# A Multilayer Perceptron Neural Network Model

This notebook uses the MNIST dataset from [http://yann.lecun.com/exdb/mnist/](http://yann.lecun.com/exdb/mnist/), which consists of black and white photographs of handwritten digits. Each image is 28x28 pixels, or 784 individual values (or "features").

The "Label" is a numeric value between 0 and 9, which represents the digit being drawn.

This notebook uses MXNet libraries to create a four-layer neural network to detect digits. The first layer is the Input layer, the second and third layers are hidden, and the final layer is the output layer.
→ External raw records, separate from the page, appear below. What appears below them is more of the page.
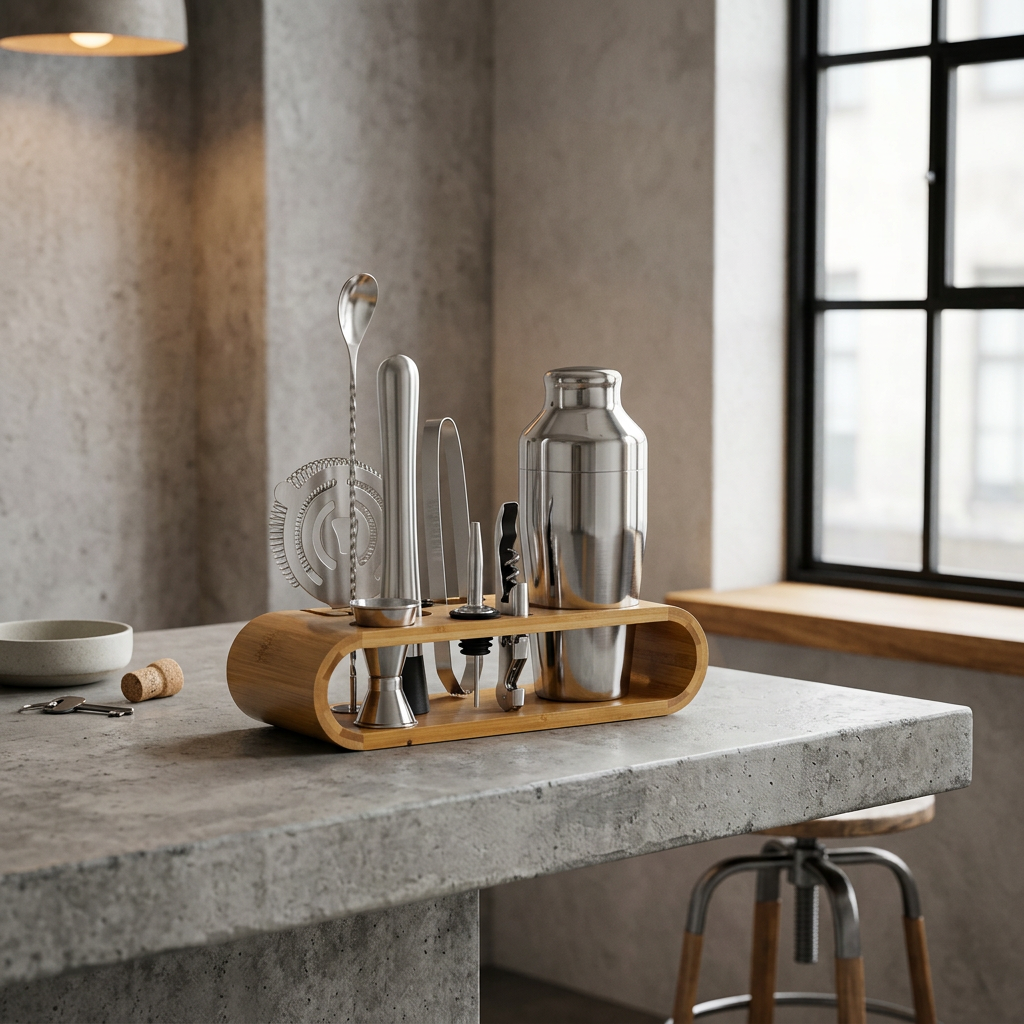 Stainless Steel Cocktail Shaker Set with Bamboo Stand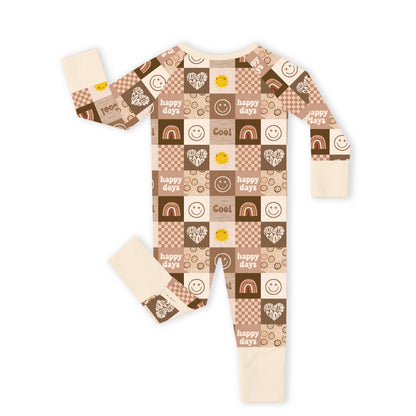 Retro Good Vibes Checkerboard Cream Bamboo Zipper Pajama Romper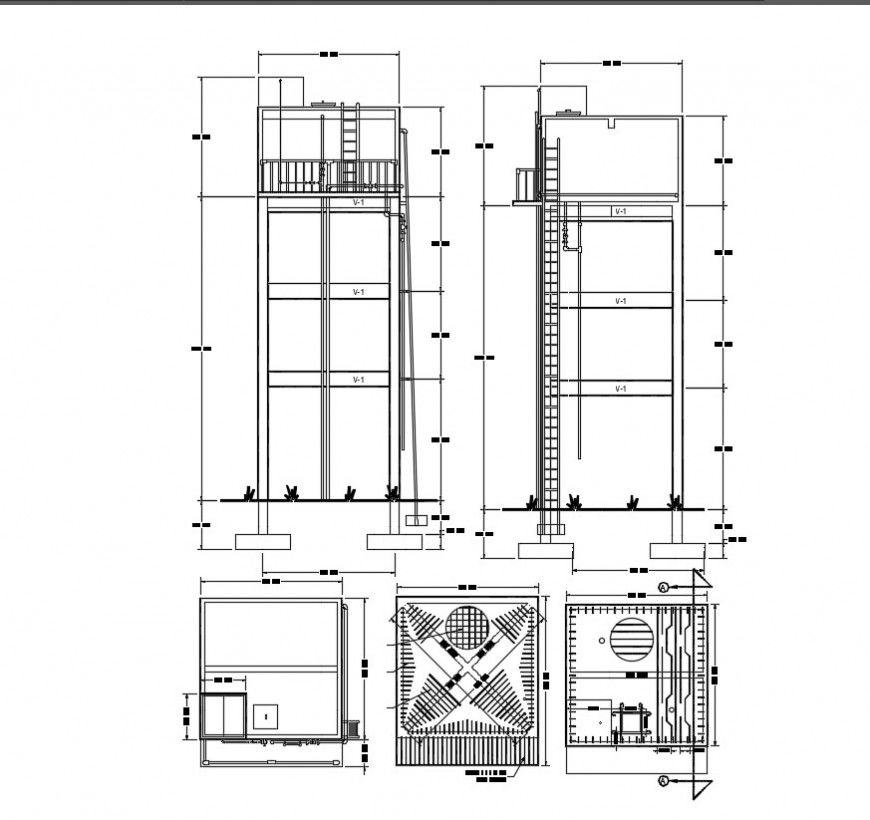 2d CAD plan and elevation of elevated tank drawings details in an autocad file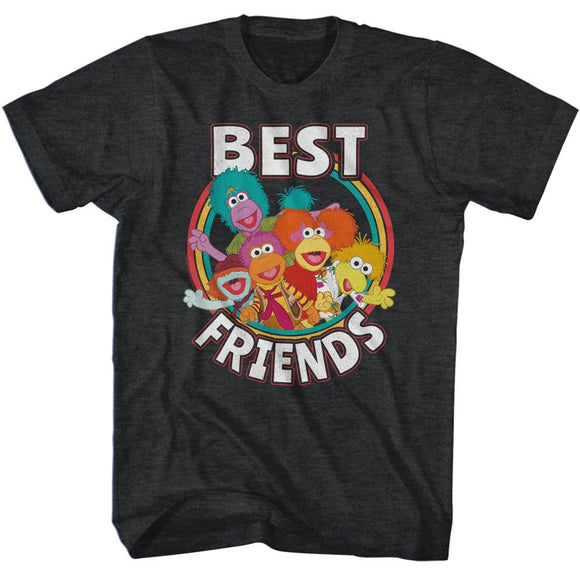 Fraggle Rock-Fraggle Rock Best Friends-Black Heather Adult S/S T-Shirt - Black Heather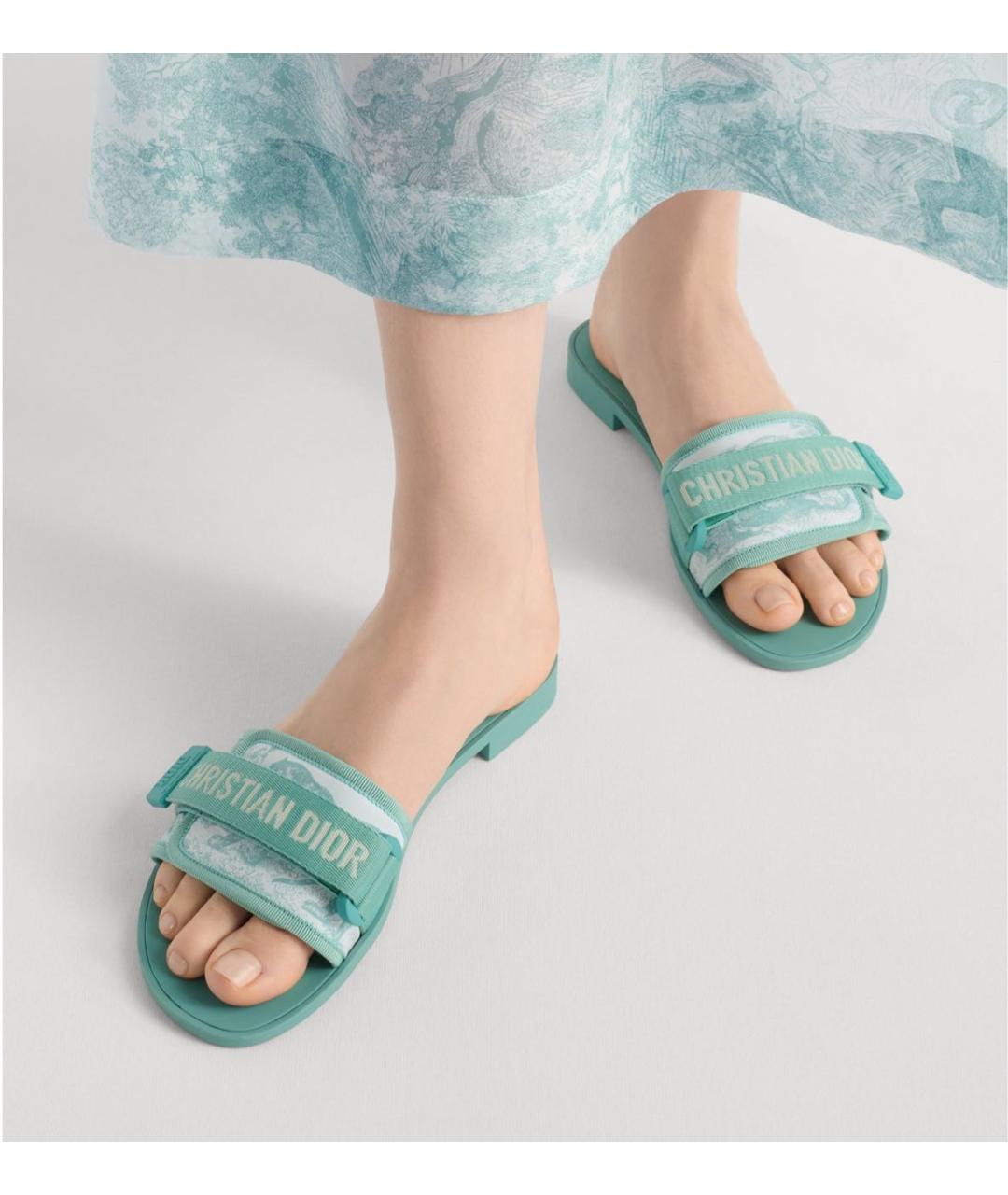 CHRISTIAN DIOR Бирюзовые шлепанцы, фото 4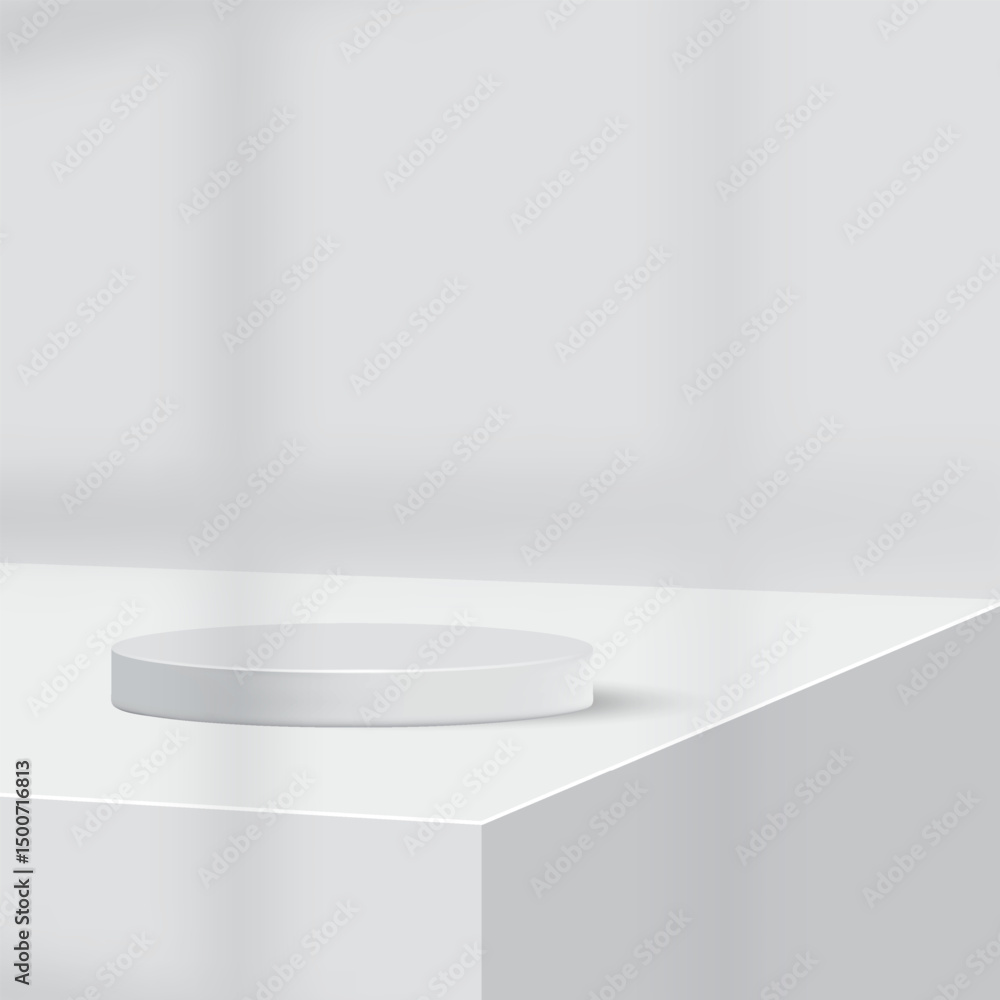 Aufkleber white color abstract minimal 3d rendered product sale podium background design with shadow overlay a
Note: Use the 'perceptron-environment.yml' file to create the kernel environment. (Right click and choose 'Build Conda Environment'). Then choose the Kernel called "perceptron-env'.

In [None]:
# Import dependencies
from __future__ import print_function
import mxnet as mx
import numpy as np
from mxnet import nd, autograd

from IPython.display import HTML
import cv2
import base64

print("Dependencies imported")

Specify whether to use a CPU or a GPU with MXNet. 

For Neural Networks, this is usually a GPU, but a CPU will work instead.

In [None]:
# Use MXNet with a GPU
#ctx = mx.gpu()

# Use MXNet with a CPU
ctx = mx.cpu()

### Load the MNIST Dataset

The following cell downloads the MNIST image dataset

In [None]:
# Get the MNIST image dataset
mnist = mx.test_utils.get_mnist()

Split the dataset into training and test data. 

Use the Gluon DataLoader to iterate through the dataset in mini-batches. This means validating the convergence of the learning every 'mini-batch'. (Alternatives are to validate at the end of the entire dataset, or validate stochastically at the end of each data item.)

In [None]:
# Split the dataset into training data and test data

def transform(data, label):
    return data.astype(np.float32)/255, label.astype(np.float32)

# Mini-Batch size: Number of images processed in a single mini-batch. 
batch_size = 64

# Create the training and test datasets.
train_data = mx.gluon.data.DataLoader(mx.gluon.data.vision.MNIST(train=True, transform=transform),batch_size, shuffle=True)
test_data = mx.gluon.data.DataLoader(mx.gluon.data.vision.MNIST(train=False, transform=transform),batch_size, shuffle=False)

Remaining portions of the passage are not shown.